日本語指導必要な外国人児童生徒への対応 散在地域の体制構築急務 函館市内 学生らATで協力
(道・道教委 2024-03-28付)

リポート外国にルーツを持つ子どもの支援
函館工業高の授業でアシスタントに入る大学生

 【函館発】日本語指導が必要な外国人児童生徒が年々増加する中、函館市内では道教育大学函館校の学生らがアシスタントティーチャー(AT)として外国にルーツを持つ子どもたちの言語習得に向けた支援を進めている。学生がシフト制で授業に加わり、日本語の専門用語をサポートするなど支援体制の構築が進む。一方で、外国人が散在する道内では各地域における支援体制充実が喫緊の課題となっている。

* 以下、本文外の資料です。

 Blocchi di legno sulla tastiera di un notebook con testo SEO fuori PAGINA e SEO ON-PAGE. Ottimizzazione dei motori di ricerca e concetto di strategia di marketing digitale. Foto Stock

 昨年12月下旬、函館工業高校定時制の公共の授業。ネパール国籍のケーシー・サンデスさん(1年)は、大学生が作成した教材を用いて学習に励んでいた。安田耀志講師はサンデスさんを介して話題を広げるピボット形式の指導を展開。「サンデス、オランダは英語で何と言うか教えてあげて」「ネザーランドです」。様々な事情を抱える生徒が通う中、学級全体で学び合う授業が行われた。

 サンデスさんは、両親の仕事の関係で昨年4月にネパールから函館に移住した。入学以降、学生らのサポートもあり、順調に日本語を習得。現在は定期テストで漢字を書けるようになった。将来は、工業系の大学への進学を希望しており「もっといろいろな人と話ができるようになりたい」と声を弾ませる。

◆教材づくりなど学生が架け橋に

 住民基本台帳によると、市内の外国人人口はことし1月時点で1615人。平成27年の795人から約10年で2倍以上に増えた。市教委によると、両親の仕事の都合や留学生として来日したケースなど様々。日本語支援を必要としている児童生徒が一定数在籍しているという。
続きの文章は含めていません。